Here is a post from Edward G. Chekan, MD, FACS, regarding surgeon career changes.
Dr. Chekan is a board-certified general surgeon with fellowship training in minimally invasive surgery. After his training, we worked in Pittsburgh as a private practice surgeon. Early in 2007, he joined Ethicon Endo-Surgery in Cincinnati, OH. His primary responsibilities at EES include creating and delivering lectures on anatomy and procedures for an international sales force.
“Here are a couple of questions I am often asked by surgeons considering a career change:
Q: If I change my mind, can I go back to the clinical practice of surgery?
A: In order to ‘switch back’ later, it is important to preserve your identity as a surgeon now. Here’s some suggestions of steps that you can take now that will help to make ‘switch back’ easier: Plan on maintaining your state licenses and professional society memberships. Keep up with these requirements by developing a continuing medical education plan. Know the deadlines and costs imposed by state medical boards.
Q: How do you see new surgical career pathways evolving?
A: Training models and practice models have been the first to evolve – career models should follow. If the 80 hour resident work week has taught us nothing else, it is that ‘patient handoffs’ are important for good patient care. Practice models are just beginning to recognize this. These trends have not yet reached the level of bona fide guidelines, but stay tuned.

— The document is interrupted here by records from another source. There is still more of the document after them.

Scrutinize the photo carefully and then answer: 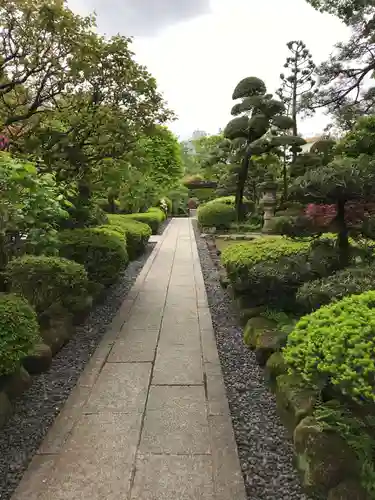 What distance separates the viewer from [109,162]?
6223 mm

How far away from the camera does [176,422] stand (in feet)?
8.63

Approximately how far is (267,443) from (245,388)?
2.36ft

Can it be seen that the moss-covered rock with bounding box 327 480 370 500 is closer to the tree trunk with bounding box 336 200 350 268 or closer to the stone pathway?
the stone pathway

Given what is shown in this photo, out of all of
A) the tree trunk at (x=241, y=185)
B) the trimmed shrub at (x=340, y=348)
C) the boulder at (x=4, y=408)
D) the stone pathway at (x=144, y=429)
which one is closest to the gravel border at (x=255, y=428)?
the stone pathway at (x=144, y=429)

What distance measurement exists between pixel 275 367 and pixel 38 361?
1.95 metres

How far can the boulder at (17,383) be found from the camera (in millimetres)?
2891

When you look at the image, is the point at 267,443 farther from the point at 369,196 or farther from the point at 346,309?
the point at 369,196

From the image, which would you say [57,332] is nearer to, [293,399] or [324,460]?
[293,399]

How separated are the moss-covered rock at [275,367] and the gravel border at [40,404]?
154 centimetres

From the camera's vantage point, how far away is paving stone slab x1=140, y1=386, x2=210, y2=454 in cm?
237

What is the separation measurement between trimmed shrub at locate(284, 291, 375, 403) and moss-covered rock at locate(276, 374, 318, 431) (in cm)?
26

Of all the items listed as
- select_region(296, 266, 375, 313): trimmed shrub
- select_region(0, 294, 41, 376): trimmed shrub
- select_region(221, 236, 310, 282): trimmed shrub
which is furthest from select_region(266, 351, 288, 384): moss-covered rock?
select_region(0, 294, 41, 376): trimmed shrub

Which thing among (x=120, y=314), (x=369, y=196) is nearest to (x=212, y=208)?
(x=120, y=314)

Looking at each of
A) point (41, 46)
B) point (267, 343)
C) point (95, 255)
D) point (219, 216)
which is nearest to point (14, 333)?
point (267, 343) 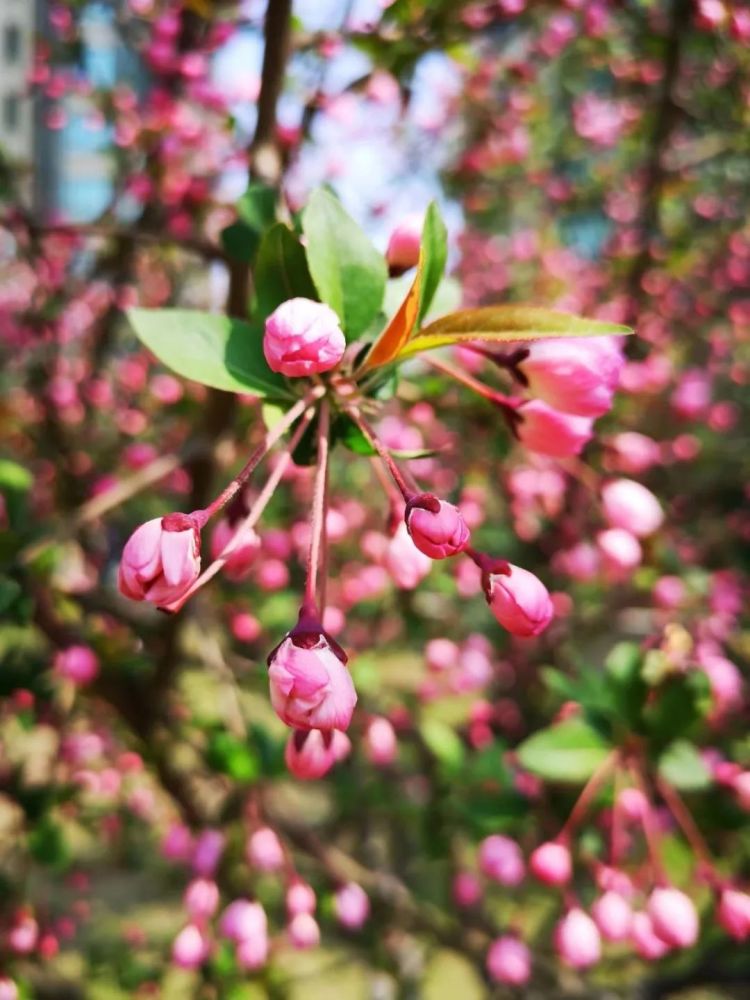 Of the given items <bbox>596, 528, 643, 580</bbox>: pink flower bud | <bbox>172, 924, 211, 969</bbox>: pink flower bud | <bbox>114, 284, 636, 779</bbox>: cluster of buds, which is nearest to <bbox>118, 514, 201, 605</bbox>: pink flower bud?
<bbox>114, 284, 636, 779</bbox>: cluster of buds

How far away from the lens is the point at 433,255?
61 centimetres

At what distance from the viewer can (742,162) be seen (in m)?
2.93

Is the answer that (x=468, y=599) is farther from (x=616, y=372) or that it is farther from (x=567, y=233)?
A: (x=567, y=233)

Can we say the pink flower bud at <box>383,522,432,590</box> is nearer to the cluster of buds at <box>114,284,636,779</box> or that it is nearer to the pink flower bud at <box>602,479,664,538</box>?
the cluster of buds at <box>114,284,636,779</box>

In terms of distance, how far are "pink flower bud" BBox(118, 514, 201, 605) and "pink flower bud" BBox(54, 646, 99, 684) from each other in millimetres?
852

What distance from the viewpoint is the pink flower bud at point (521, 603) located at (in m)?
0.56

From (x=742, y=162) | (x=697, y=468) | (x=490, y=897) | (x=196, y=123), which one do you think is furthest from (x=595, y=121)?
(x=490, y=897)

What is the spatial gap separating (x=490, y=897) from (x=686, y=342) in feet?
7.97

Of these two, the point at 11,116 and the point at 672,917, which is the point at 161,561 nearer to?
the point at 672,917

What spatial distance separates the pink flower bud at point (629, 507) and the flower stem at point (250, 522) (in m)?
A: 0.49

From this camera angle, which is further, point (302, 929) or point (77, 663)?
point (77, 663)

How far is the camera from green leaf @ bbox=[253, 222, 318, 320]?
0.61m

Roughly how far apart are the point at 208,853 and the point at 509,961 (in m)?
0.68

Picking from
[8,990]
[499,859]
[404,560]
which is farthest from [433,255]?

Similarly, more and more clinicians are ‘switching career lanes’ for a variety of reasons including child rearing and pursuit of research/career/business interests. As this trend continues, more specific surgical career transition guidelines should follow and transition periods should become more commonplace, easier to manage and less stigmatized. Ask about, keep close to and support developments along these lines within your professional societies. The establishment of more flexibility in career pathways for surgeons will help to keep clinicians fresh and facilities current – both important elements in any plan that is dedicated to improving patient outcomes.”